À Très-Saint-Rédempteur, 80 % de la population du village demeure en territoire boisé, explique Jean-Philippe Lafortune, un des porte-parole du groupe Très-Saint-Rédempteur en transition : « Il faut utiliser des ondes de plus basse fréquence pour passer à travers les arbres. Cela oblige le fournisseur à équiper les tours émettrices en double : une fréquence pour les maisons à vue et une autre pour les maisons cachées par les arbres. »

« Notre chance et notre malchance, c'est que des résidants dynamiques abandonnaient le village, explique Benoît Guichard, qui vit à Très-Saint-Rédempteur depuis 13 ans. Nous avons comblé le vide avec la force citoyenne. Les télécoms devaient générer de l'argent, soutenir d'autres entreprises moins rentables et être le moteur d'une économie durable. »

Laboratoire rural

Forts de leur succès internet, les fondateurs de la Coop CSUR (prononcez « C'est sûr! »), en accord avec la municipalité, présentent la candidature de Très-Saint-Rédempteur comme laboratoire rural au MAMROT (ministère des Affaires municipales, des Régions et de l'Occupation du territoire). Ces labos-projets-pilotes, au nombre de 33, doivent expérimenter des voies peu étudiées et probablement d'avenir pour les campagnes. En décembre 2009, le village est accepté.

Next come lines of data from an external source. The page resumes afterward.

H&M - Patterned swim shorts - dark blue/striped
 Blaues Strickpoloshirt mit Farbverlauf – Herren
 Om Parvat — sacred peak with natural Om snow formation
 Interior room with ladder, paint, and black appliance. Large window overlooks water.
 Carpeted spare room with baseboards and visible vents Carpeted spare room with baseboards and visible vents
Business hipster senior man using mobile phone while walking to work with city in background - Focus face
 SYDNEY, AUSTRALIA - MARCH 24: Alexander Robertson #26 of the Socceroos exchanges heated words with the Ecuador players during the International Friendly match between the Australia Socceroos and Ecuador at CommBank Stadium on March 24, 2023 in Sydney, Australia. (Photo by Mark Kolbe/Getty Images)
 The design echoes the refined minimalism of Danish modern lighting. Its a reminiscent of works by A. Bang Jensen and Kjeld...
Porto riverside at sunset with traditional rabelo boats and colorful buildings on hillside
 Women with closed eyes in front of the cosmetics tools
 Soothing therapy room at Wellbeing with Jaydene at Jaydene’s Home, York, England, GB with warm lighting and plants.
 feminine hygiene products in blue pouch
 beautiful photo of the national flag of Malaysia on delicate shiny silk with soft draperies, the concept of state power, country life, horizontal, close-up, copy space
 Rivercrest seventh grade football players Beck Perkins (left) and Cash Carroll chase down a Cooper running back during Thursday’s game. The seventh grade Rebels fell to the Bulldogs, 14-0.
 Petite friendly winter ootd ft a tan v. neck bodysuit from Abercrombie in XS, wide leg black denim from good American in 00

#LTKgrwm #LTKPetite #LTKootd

Le labo de Très-Saint-Rédempteur a pour missions particulières d'assister la naissance de nouvelles coopératives et de tester dans ces entreprises une forme de gouvernance de plus en plus populaire : la sociocratie (voir l'encadré). La CSUR et le laboratoire rural ont ainsi présidé à la naissance d'une télévision communautaire qui diffuse l'information dans toute la MRC (Vaudreuil-Soulanges), de la Coopérative Notre village (aliments biologiques), du groupe Très-Saint-Rédempteur en transition, et d'une fête de village extrêmement appréciée par les résidants, qui n'ont plus de lieux pour se rencontrer dans le village.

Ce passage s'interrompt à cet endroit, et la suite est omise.